La marque « MONT BLANC » : crème dessert ou vodka ?

4 janvier 2021 | Marque

Déchéance partielle et prise en compte de la réglementation sur la publicité indirecte pour les boissons alcooliques

Nous sommes nombreux à connaître la marque MONT BLANC pour les crèmes dessert. Dans les années 1970, elle représentait la plus grande part de marché ; elle conserve encore une part honorable en se classant il y a quelques années en quatrième position derrière Danette, Yoplait et La Laitière.

La marque MONT BLANC créée en Haute-Savoie en 1917 par la société éponyme fut enregistrée en 1985 à l’INPI non seulement pour les produits laitiers, mais encore – de manière qui peut paraître surprenante – pour les vins et liqueurs.

Surveillant les marques déposées en France, la société Mont Blanc repère en 2013 la marque internationale MONT BLANC désignant la France et déposée par la société de droit russe Unipak pour de la vodka. Dénonçant le risque de confusion pouvant exister entre les produits susceptibles d’être commercialisés par les deux sociétés, la société Mont Blanc se prévalant de l’antériorité de sa propre marque pour les alcools fait opposition à la marque de la société russe pour de la vodka.

Or, lorsqu’une marque n’est pas utilisée pendant une période ininterrompue de cinq ans pour des produits et services enregistrés, elle encourt la déchéance pour ces produits et services. C’est justement ce qu’a fait valoir la société russe devant le Tribunal pour faire annuler partiellement la marque MONT BLANC de la société française, relative aux vins et liqueurs. Le juge n’a nullement retenu les justifications de la société Mont Blanc qui expliqua qu’elle avait sciemment déposé sa marque aussi pour les alcools afin d’en faire une marque de barrage destinée à empêcher toute commercialisation de boissons alcoolisées sous le même nom, et cela par « souci de préserver sa notoriété et son image de marque, en l’occurrence celle d’une entreprise produisant et commercialisant des produits essentiellement destinés aux enfants et adolescents, notamment des crèmes dessert et autres produits transformés à base de lait ». On soulignera que les arguments de la société Mont Blanc n’ont pas été retenus par les juges en tant que « justes motifs » au sens de l’article L. 714-5 du Code de la propriété intellectuelle, les justes motifs pour le non-usage d’une marque devant selon les termes d’une décision de 2007 de la Cour de Justice des Communautés Européennes, s’entendre des obstacles qui certes présentent une relation directe avec la marque rendant impossible son usage, mais qui sont en outre indépendants de la volonté de son titulaire.
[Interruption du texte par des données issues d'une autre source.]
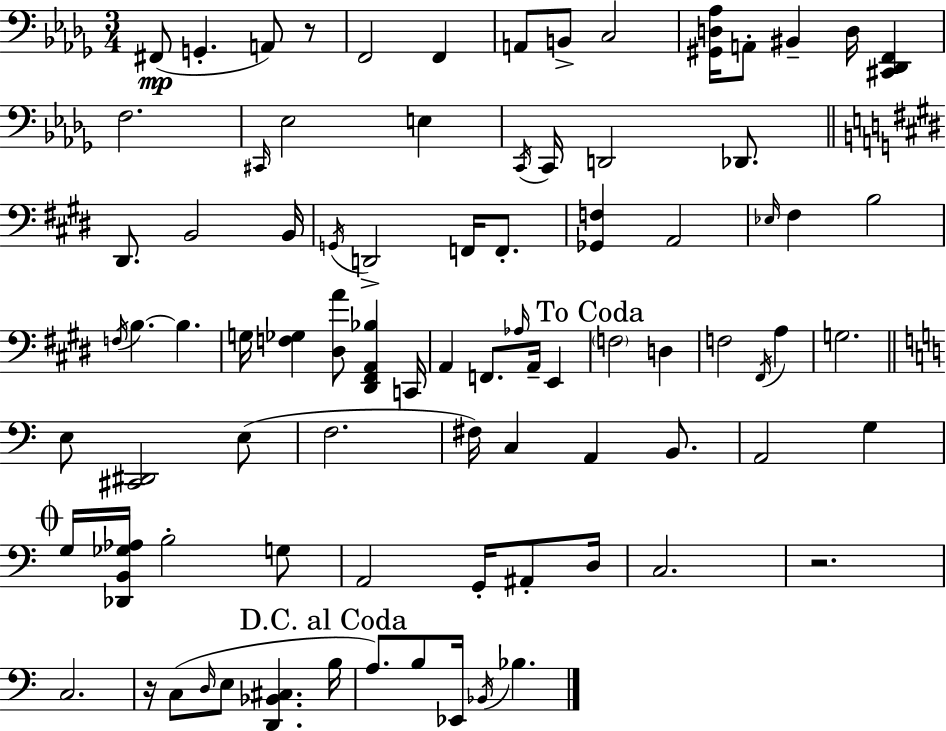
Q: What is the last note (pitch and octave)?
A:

Toujours en première instance, la société Mont Blanc tenta en demande reconventionnelle de faire annuler la marque MONT BLANC de la société russe Unipak pour de la vodka, mais sans succès. En revanche, elle obtint gain de cause pour l’interdiction de commercialisation ou de promotion sous la marque MONT BLANC de boissons alcoolisées sur le territoire français par la société russe. En octobre 2020, la cour d’appel, confirme le premier jugement en partageant sa même analyse : « une telle commercialisation, en ce qu’elle porte sur des produits aux antipodes de ceux commercialisés par la société Mont Blanc, serait de nature à porter préjudice à celle-ci, comme venant perturber le message promotionnel véhiculé par elle depuis plusieurs décennies auprès d’un jeune public par définition non consommateur d’alcool, en l’occurrence un message présentant les produits laitiers comme sains et dynamisants, alors qu’à l’inverse l’innocuité des boissons alcoolisées, a fortiori des alcools forts, est très contestée, à tout le moins par la communauté scientifique et médicale ».
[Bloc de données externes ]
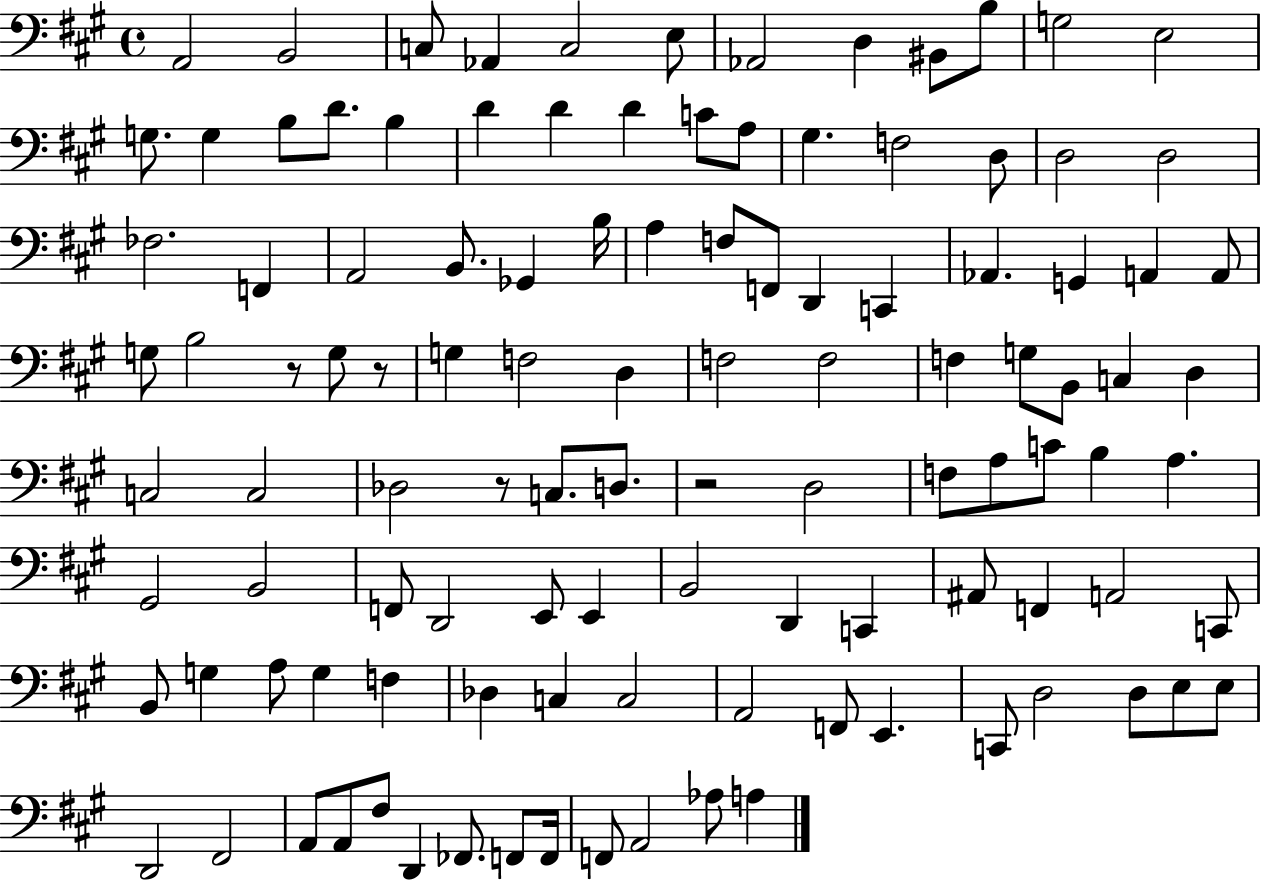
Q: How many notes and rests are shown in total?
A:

Si la société russe est parvenue à ne pas faire annuler sa marque MONT BLANC pour de la vodka, nous avons trouvé intéressant de mettre en avant la décision lui interdisant toute promotion ou commercialisation de boissons alcoolisées sur le territoire français sous sa marque, avec pour fondement, l’entrave qu’aurait sinon subie la société Mont Blanc à la libre utilisation de sa marque antérieure dont la renommée pour les produits laitiers est toujours actuelle. En effet, la société Mont Blanc aurait été contrainte à se soumettre à des restrictions publicitaires, résultant du Code de la santé publique pour prévenir l’alcoolisme, puisque sa publicité aurait pu être considérée comme de la publicité indirecte pour des boissons alcoolisées. Attendons de savoir si cette décision susceptible de pourvoi en cassation deviendra définitive.